The facility provides access to the Deep X-ray Lithography beamline, equipped with a DEX02 Jenoptik scanner which allows a fully automatic exposure procedure, a scanning speed ranging from 1-50 mm/s, the irradiation of 4 inches masks and resist substrates (water cooled), horizontal and vertical apertures, and an exposure area of 54x84 mm. A set of 5 filters allows a tailored hardening of the beam so obtain a better dose contrast especially for thick resists. The exposures can be performed at 90 mbar in helium or nitrogen atmosphere. Specific sample holders have been designed for powder irradiation and new sample holders can be designed and constructed for particular applications.

A chemical lab with a chemical and a laminar hood, spin and dip-coater, oven (CARBOLITE, which reaches a maximum temperature of 1100 ˚C), balances, stirrers is available.

In order to characterize the structures, the following tools are available:

1- Optical Microscope LEICA MZ125

2- UV-VIS spectrometer (Cary 60, Agilent Technologies) equipped with a standard cuvette holder and a Slide-Mounted External Specular Reflectance. Interchangeable masks for examining small samples or small areas of large samples are provided.

3- FT- IR spectrometer (Alpha-T, Bruker Optics) equipped with modules for the analysis of different types of samples.

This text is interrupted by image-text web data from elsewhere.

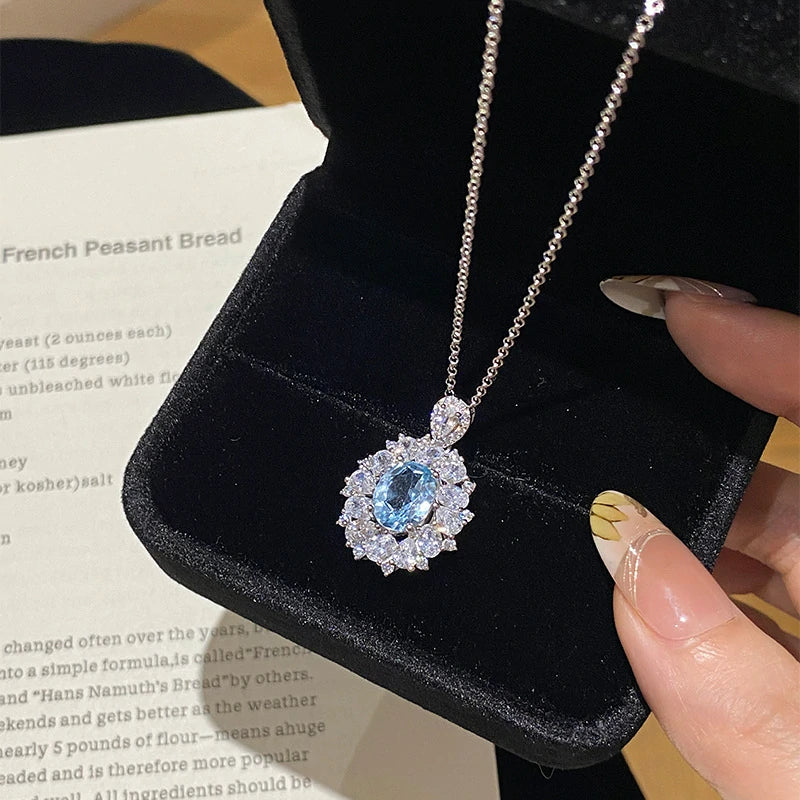 Sky Blue Topaz Pendant Necklace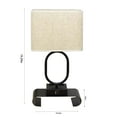 thumbnail image 3 of Bedside Table Lamp with 2 USB Charging Ports and 2 AC Outlets, Fabric Linen Shade Desk Lamp for Bedroom, Living Room, Office, Adjustable Brightness, Reading, Work, Eye-Caring Light, 3 of 8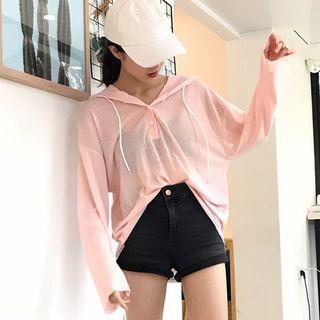 Sheer Long-sleeve Hoodie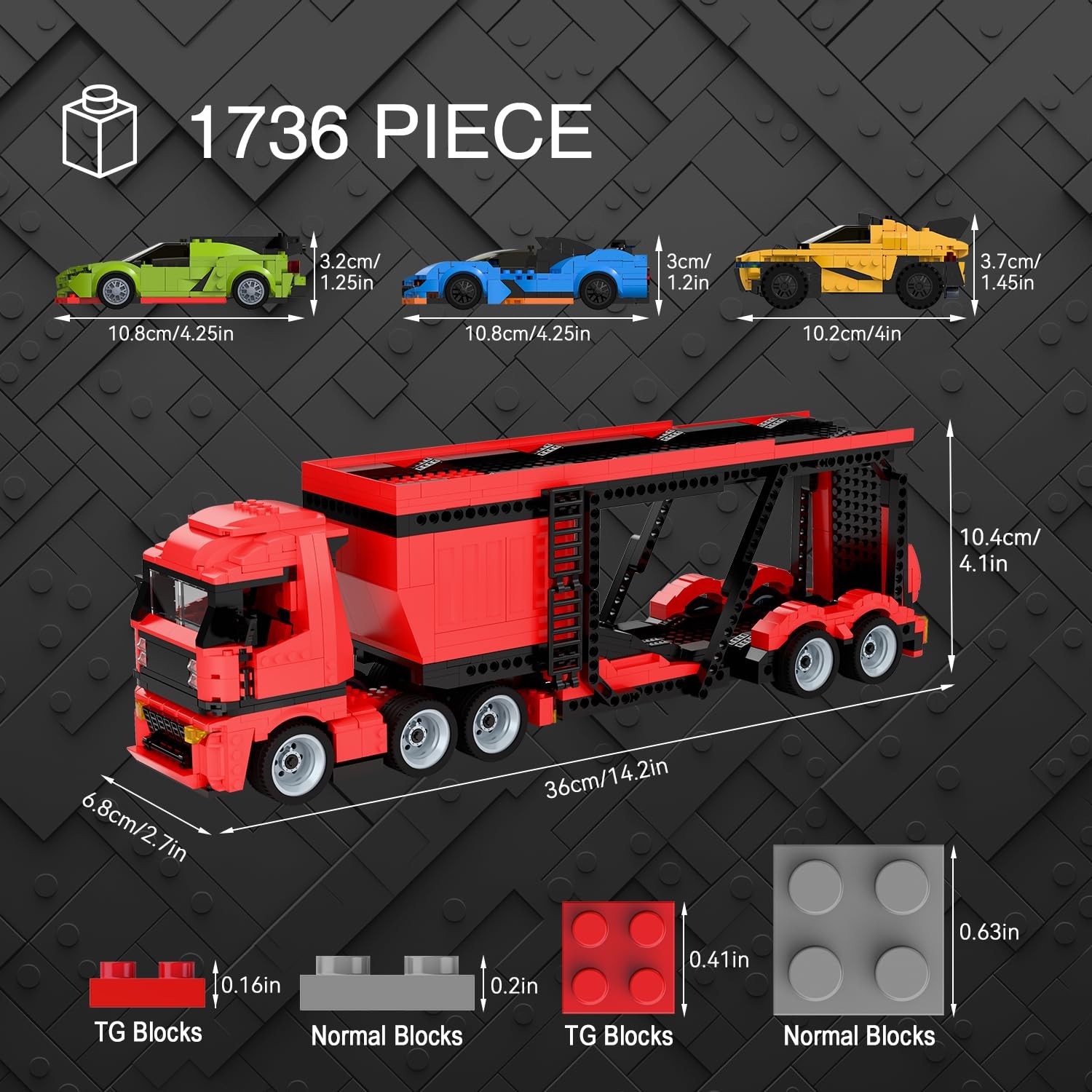 Micro Brick Car Transporter with 3 Sports Cars Building Set – Kids Truck Toy wit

provided at NFFA-Europe laboratories by:

TUG

Italy

provided at Large Scale Facilities by:

KIT

Germany

KIT

Germany

KIT DXRL

Applications

Deep X-ray lithography (DXRL) uses synchrotron radiation to pattern thick PMMA layers (thickness: several microns up to a few millimetres) in order to achieve high aspect ratio microstructures (aspect ratio up to 100). The structures are characterised by very steep sidewalls (slope angle better than 1 mrad) and sidewall roughness in the range of 20 to 30 nm. For optical applications usually microoptical benches with cylinder lenses, prisms and fixing structures for other optical components are fabricated. The structures are either used as prototypes, as lost form for metal replication or as moulds to fabricate mould inserts. Other application areas are several kinds of X-ray optical components like lenses and gratings. We are also involved in fabricating RF MEMS components, sensors and phantoms with high resolution test patterns.

TUG

Italy

DXRL at TUG

Applications

The DXRL facility offered by TUG dedicated to deep X-ray lithography, allows both the production of high aspect ratio three dimensional microstructures with quasi perfect side-wall verticality and optical quality roughness, and the radiation assisted synthesis and processing of novel functional materials in order to exploit their functionalization, and to be able to pattern them and position the desired properties in selected areas of microdevices. A laboratory placed near to the beamline allows the preparation and the post processing of the samples that will be irradiated.

Source Energy Range

At present, the energy range is focused on hard X-rays (1-20 keV with a Gaussian shape with a peak at 6keV). This allows a high penetration depth and the possibility to irradiate materials that cannot be modified with a different energy range. The scanner is equipped with a filter chamber; these filters allow to shift the spectrum towards the high energies in order to have a better dose contrast, especially for thick resists. The chamber just before the filter chamber hosts the beam stop; there is a set of 5 horizontal slits that can be manually inserted in the middle of the beam in order to shift the spectrum towards the lower energy. This improves the mask contrast.